The stories we tell ourselves matter.
In rolling ahead based on a logic that focuses on profit in the guise of cost-savings to current students, we’re making education a story that rests ultimately on money.
And we’re doing so based on some very misleading math.
Where the Money Comes From: A Word Problem
The only part of math I was ever good at was word problems: I cannot for the life of me remember which direction a formula operates in. But if Michael is on a train speeding towards Mary at 80km per hour, I am a Past Master of sorting out when they both hit Las Vegas.
And while as a story it may be compelling, it’s as math that the MOOC as Manifest Destiny narrative begins to look specious.
Antioch students pay less money for their undergraduate degrees thanks to Antioch licensing courses through Coursera. Coursera makes money from the deal. Happy stories, both of them.
But where does the money come from?
Less money does not magically convert into more money unless somewhere along the line, some part of the equation has been cut.
In the Coursera-Antioch partnership model it’s localized course delivery. Which has increasingly devolved to sessionals and adjuncts, anyhow. Easy to cut. After all, sessionals do not tend to have the same reputation – whether deserved or no – as tenured scholars in the classroom, and certainly don’t have the same levels of institutional status and privilege behind them.
They’re what gets dropped from the equation of MOOCs as Manifest Destiny. Masses of scholars and teachers with already-fragile employment, most of whom have invested years and significant amounts of money in their own education.
Those very sessional and adjunct positions have traditionally been the entry-level positions IN the academy. Recently, they’ve become a bit of an extended holding tank for people aspiring to those positions.
That holding tank embodies the flaws of the current system – or systems, plural, because higher ed is not a monolith. But that loose collection of unwieldy networks that we call academia has been, for centuries, a very real field of work for millions of people.
The math of cheaper education for profit only works out if you actually gut the entire system by which professors learn to be professors.
Higher Ed BY Venture Capital, FOR Venture Capital
Doing so also guts the narrative of higher ed as more than simply business, by stripping away the possibility of education being an end in itself, and a system that eventually absorbs and employs its brightest.

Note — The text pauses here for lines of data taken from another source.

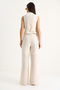 Women's Cream High Waist Trousers and Vest Lined Bottom-Top Set 9257 60281047 - 6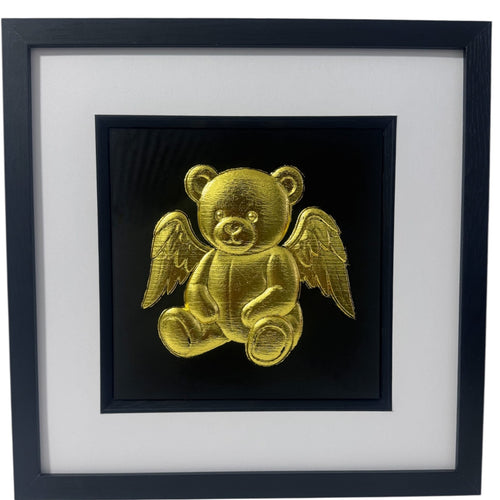 Angel teddy bear gold leaf framed wall art on black background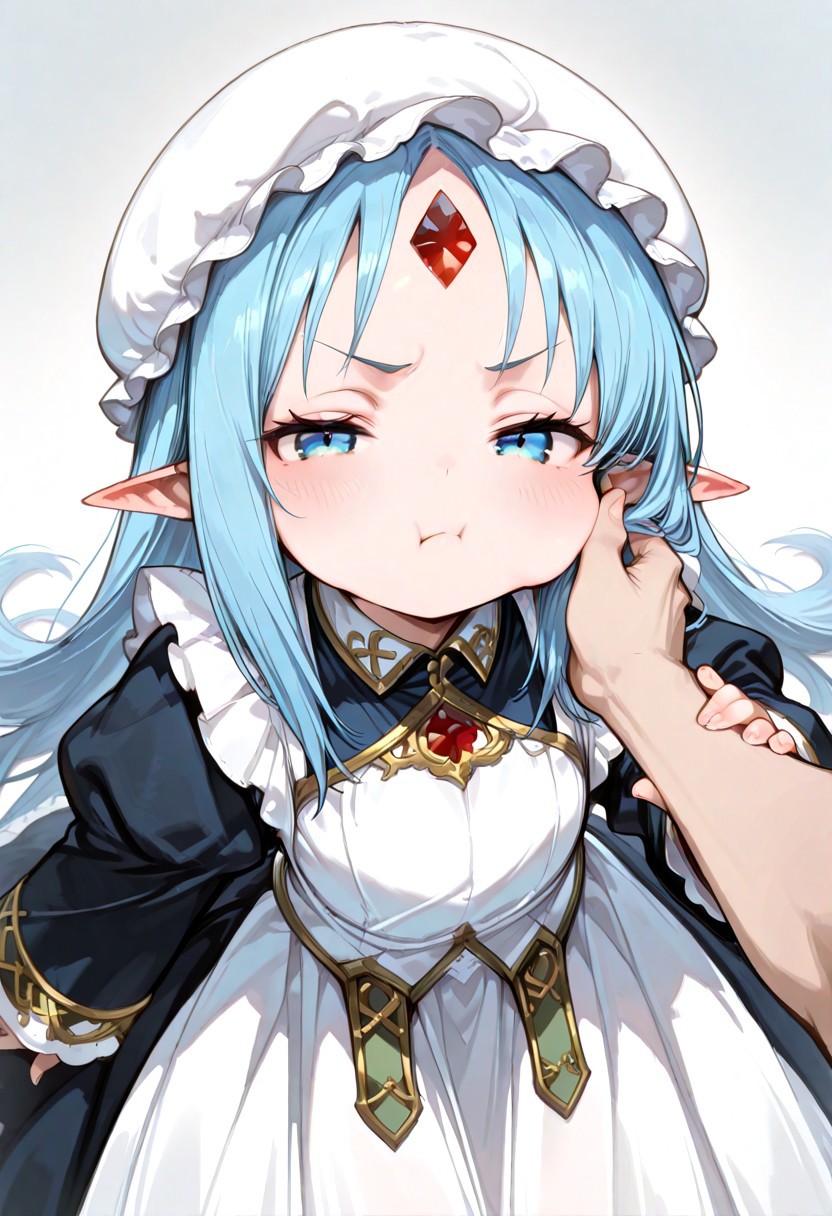 masterpiece, best quality, good quality, very awa, very aesthetic, absurdres, newest, gr4ph1t3, beautiful eyes, perfect eyes, detailed eyes, 1girl, solo, eset_kalar_il ,pointy ears,blue hair,long hair,blue eyes,red gem forehead,, Victorian style maid clothes, full sleeves, long apron, classic, maid mob cap, beautiful eyes, looking at viewer,cute girl,reaching towards viewer,blush,pov,annoyed,half closed eyes,cheeks pinching,from above,face focus,puffy cheeks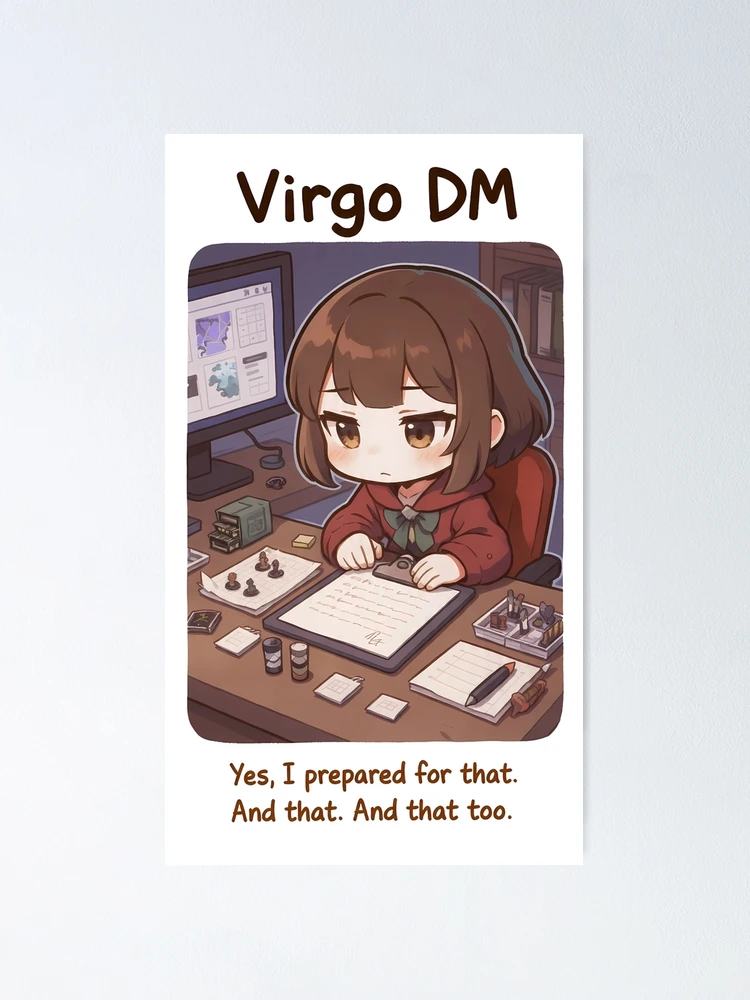 Thumbnail 1 of 3, Poster, Virgo DM – Precise Dungeon Master Sticker designed and sold by RpgTools.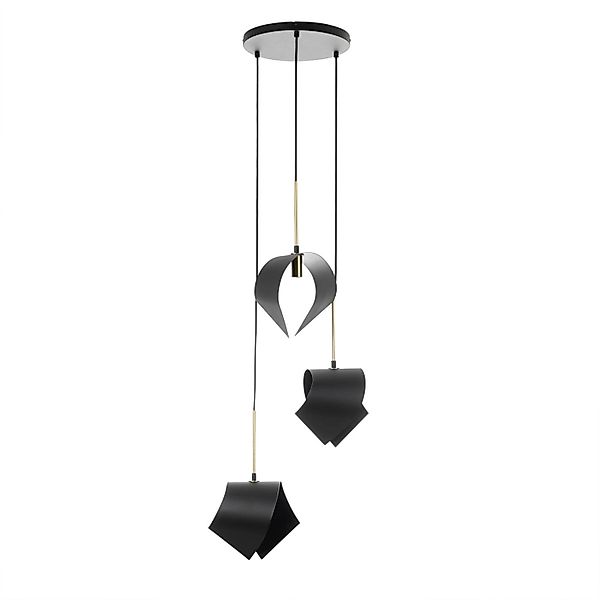 Lucande Pendelleuchte Mikolay 9639779 Design Modern in Schwarz aus Metall 3 günstig online kaufen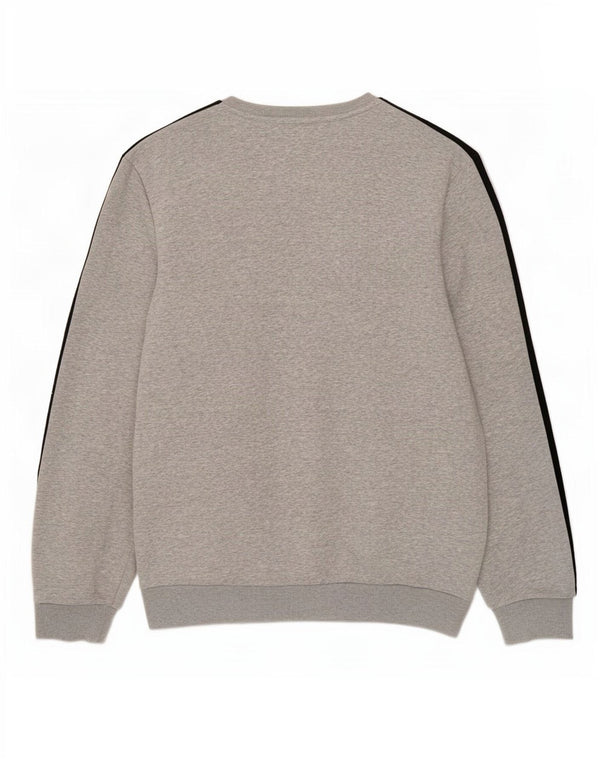 Adidas Mens Moletom Jumper Grande Algodão Cinza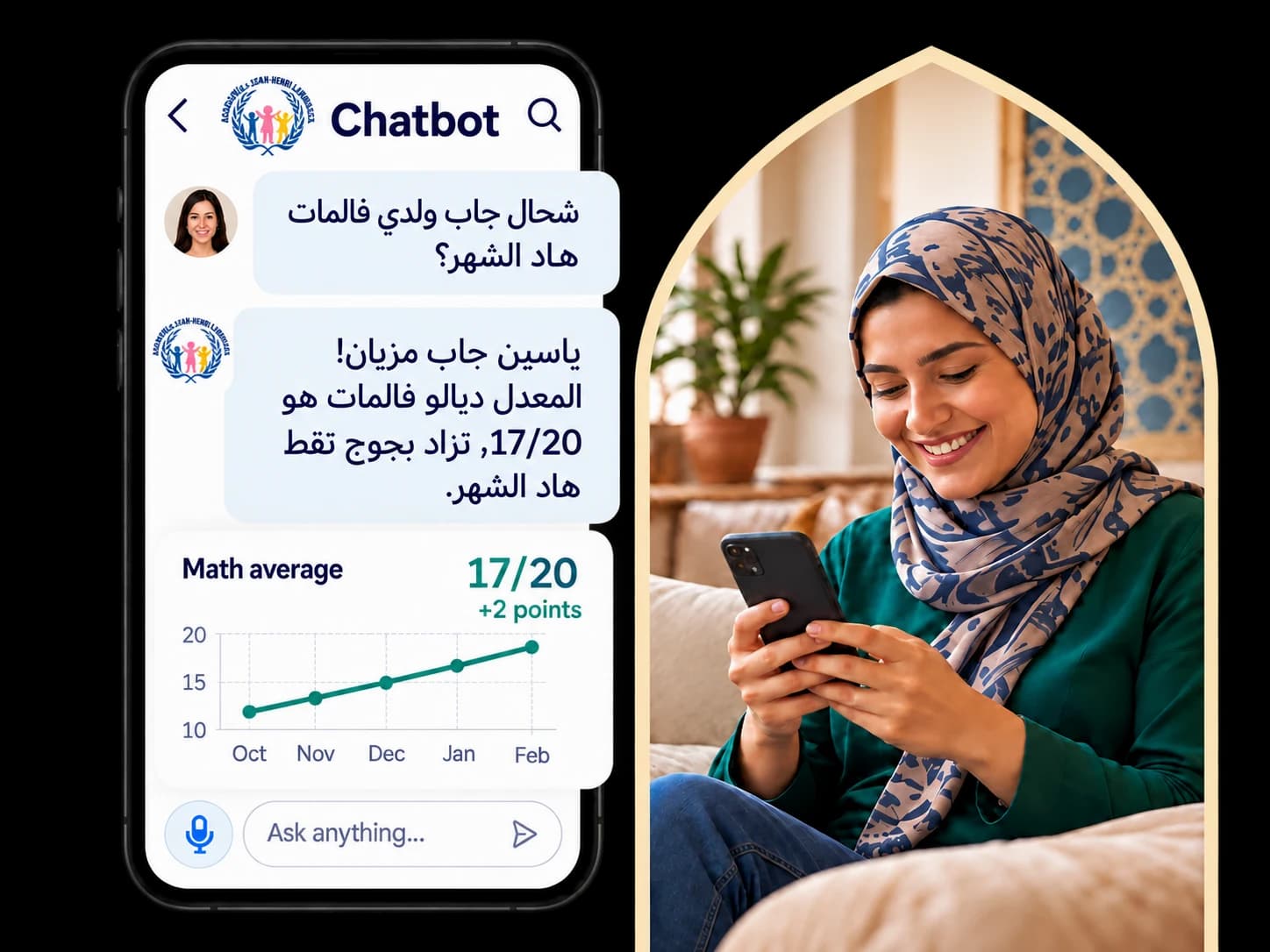 A parent asks the school assistant in Darija about her son’s math average and sees his progress chart; beside the phone, she smiles at it at home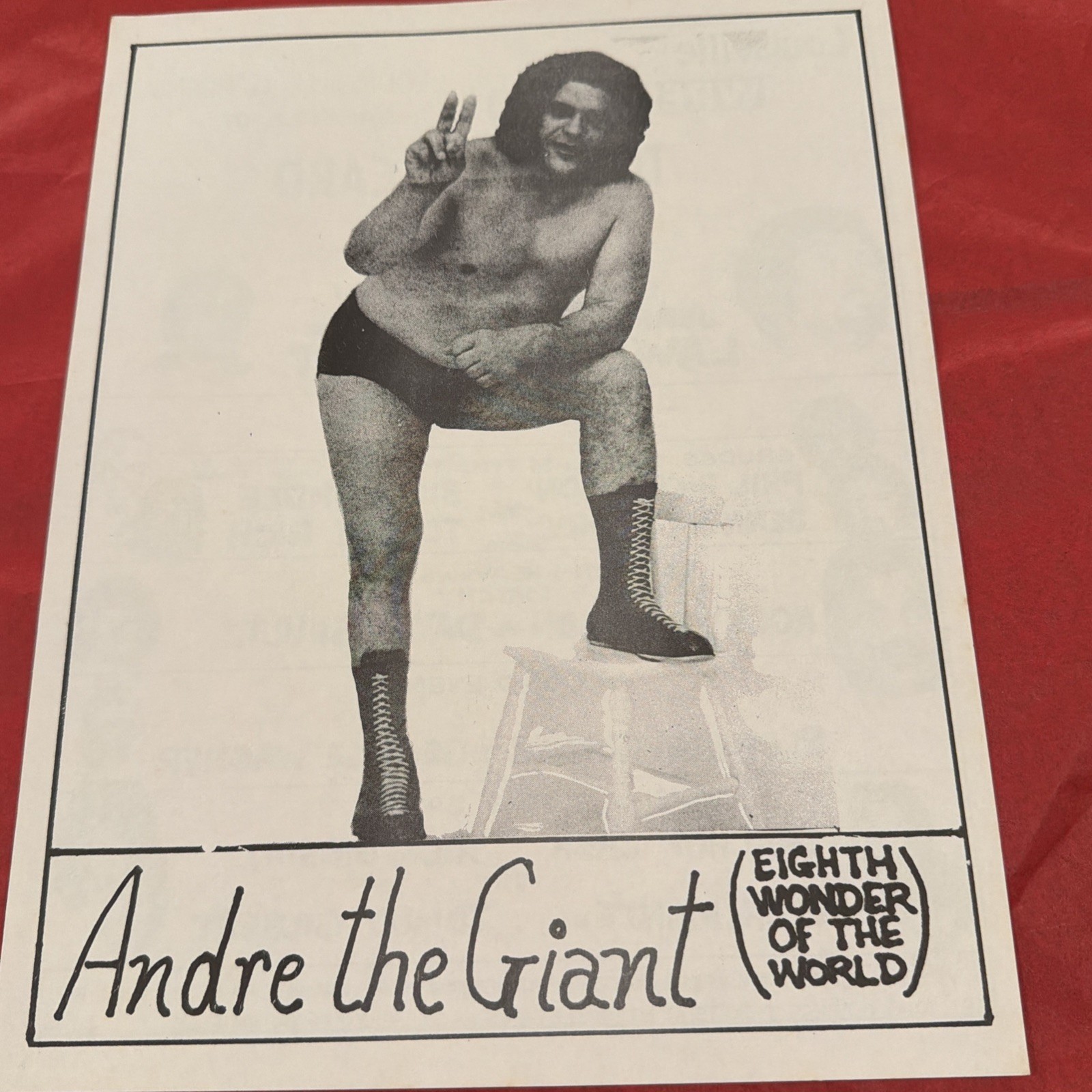 1977 Louisville Wrestling Card Andre The Giant vs Jerry Lawler Louisville Garden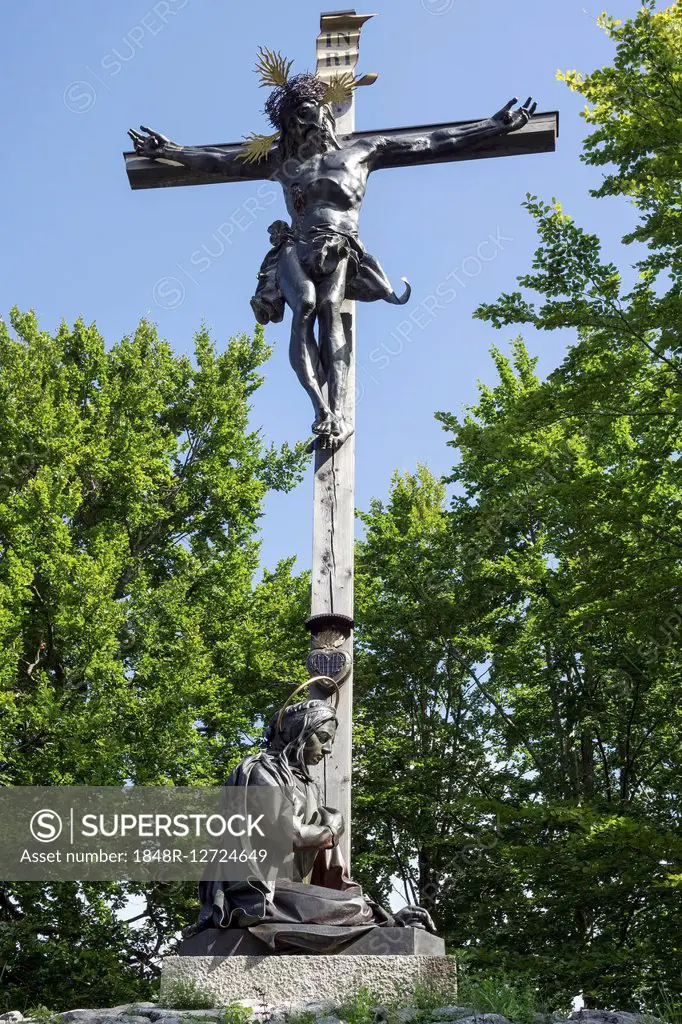 Jesus on the cross and figure of a saint, Calvary, Bad Tölz, Upper Bavaria, Bavaria, Germany
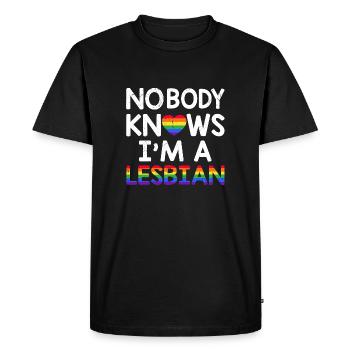 Personne ne sait que je suis une lesbienne LGBTQ Rainbow Pride - T-shirt Premium bio Homme - noir - Devant - Nico (187cm)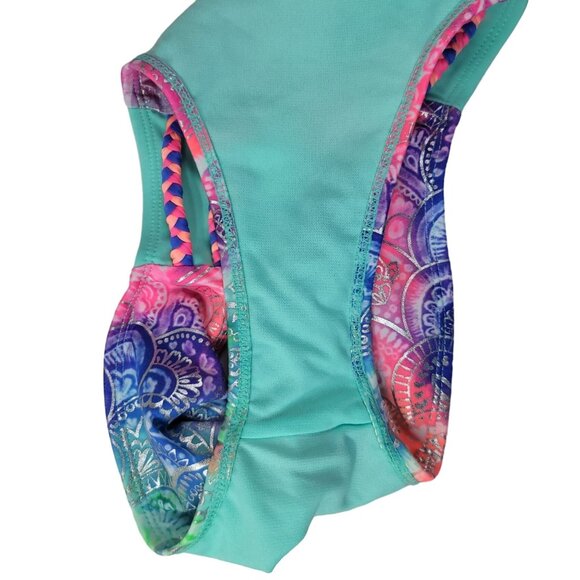 2/$15 Wonder Nation Girls Swimsuit Pink Green SZ 10 Large Silver 2 Piece Ruffle - Picture 11 of 13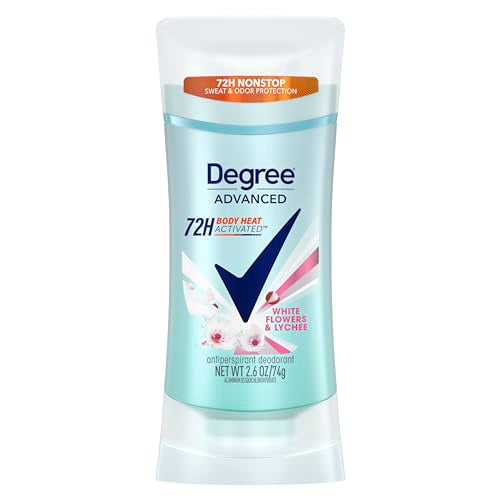 Degree Advanced Protection Antiperspirant Deodorant White Flowers & Lychee for 72-Hour Sweat & Odor Control for Women, with Body Heat Activated Technology, 2.6 oz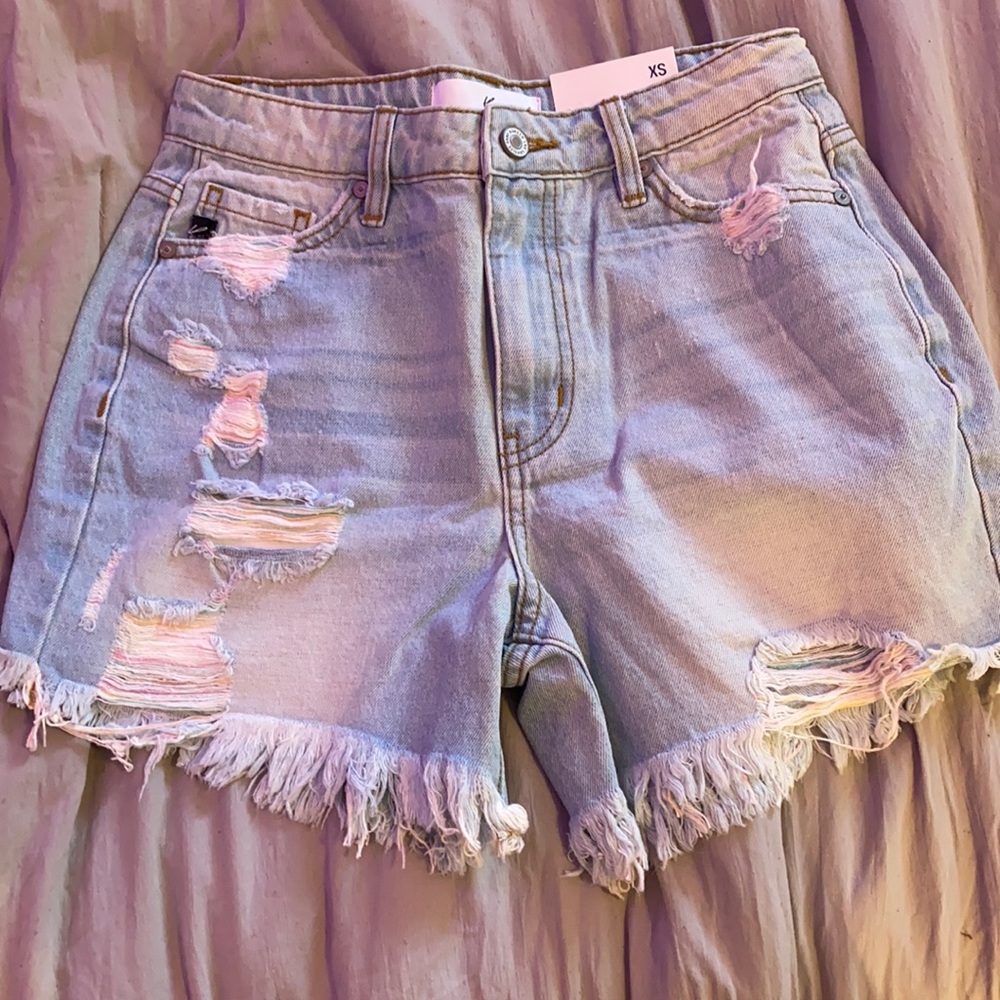 high rise jean shorts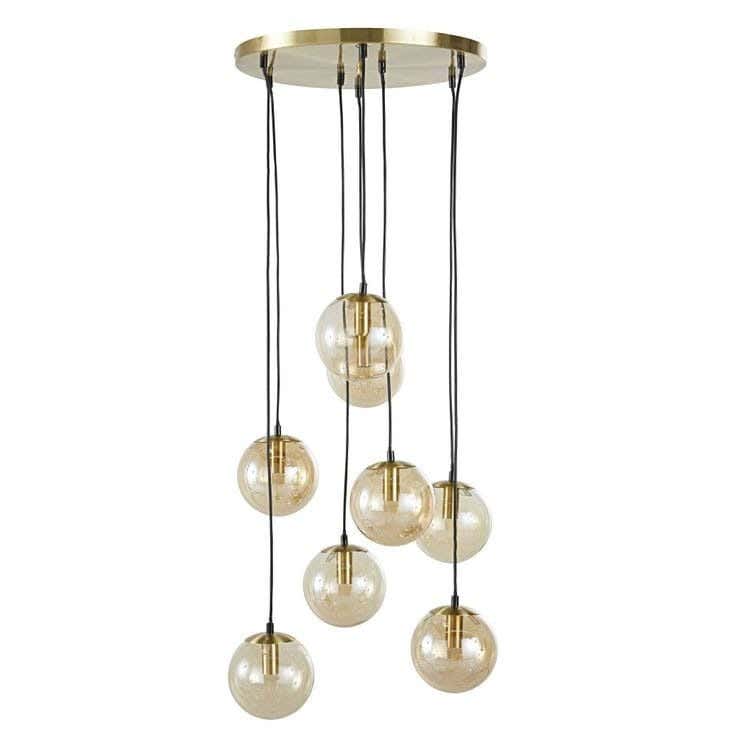 Ceiling Chandelier, 8 Lamps, 100×45 cm - Black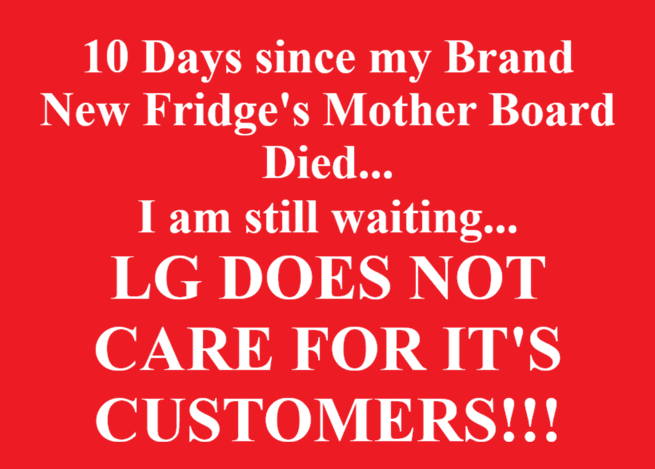 SanjaySen's tweet photo. @LGIndia @LGIndia - WILL I HAVE TO WAIT FOR AN ETERNITY!!!
It has been 10 days since your brand new fridge died and all I am hearing from you guys is excuses &amp; delays...
PLEASE REPLACE MY FRIDE ASAP OR REFUND ME MY MONEY!!!! https://t.co/nHDgiIP7HY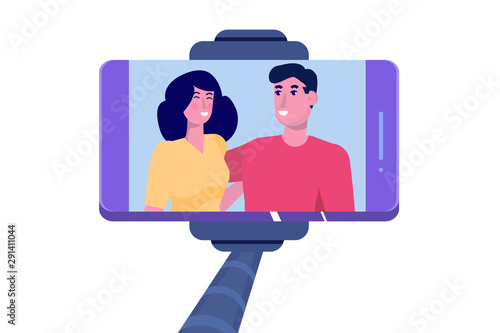 Smiling young Couple selfie on smartphone. Selfie stick monopod. Vector illustration.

It’s not that I object to Coursera making money, or to Antioch saving their students money. But carried to their logical conclusions, the narratives around those two particular occurrences begin to sound like higher ed by venture capitalists, and only for venture capitalists.
They’re not my idea of a destiny for education.
What about you? Do we have cultural stories that still carry enough power to engage and enrol people in other narratives about what education – even MOOC education – is for?